Accueil > Les poètes > Poèmes et biographie de Joachim DU BELLAY > Ces grands monceaux pierreux, ces vieux murs que tu vois

Ces grands monceaux pierreux, ces vieux murs que tu vois

Joachim DU BELLAY
Recueil : "Les antiquités de Rome"

Ces grands monceaux pierreux, ces vieux murs que tu vois
Furent premièrement le clos d’un lieu champêtre :
Et ces braves palais, dont le temps s’est fait maître,
Cassines de pasteurs ont été quelquefois.

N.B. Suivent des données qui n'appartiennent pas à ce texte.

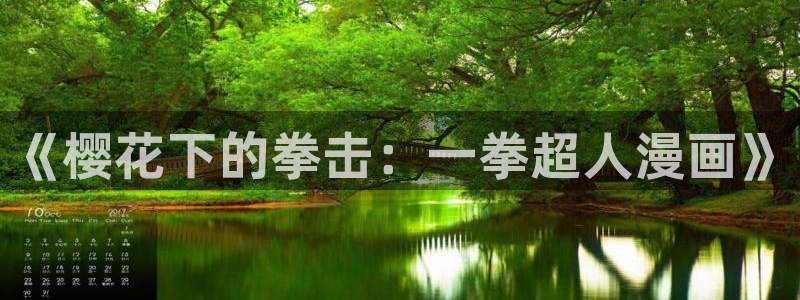 囧次元最新版本下载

Lors prirent les bergers les ornements des rois,
Et le dur laboureur de fer arma sa dextre :
Puis l’annuel pouvoir le plus grand se vit être,
Et fut encor plus grand le pouvoir de six mois :

Qui, fait perpétuel, crut en telle puissance,
Que l’aigle impérial de lui prit sa naissance :
Mais le Ciel, s’opposant à tel accroissement,

Mit ce pouvoir ès mains du successeur de Pierre,
Qui sous nom de pasteur, fatal à cette terre,
Montre que tout retourne à son commencement.

Poème préféré des membres

Aucun membre n'a ajouté ce poème parmi ses favoris.

Commentaires

Aucun commentaire

Rédiger un commentaire

Joachim DU BELLAY

Portait de Joachim DU BELLAY

Joachim du Bellay est un poète français né vers 1522 à Liré en Anjou, et mort le 1er janvier 1560 à Paris. Sa rencontre avec Pierre de Ronsard fut à l’origine de la formation de la « Pléiade », groupe de poètes auquel Du Bellay donna son manifeste, « la Défense et illustration de la langue... [Lire la suite]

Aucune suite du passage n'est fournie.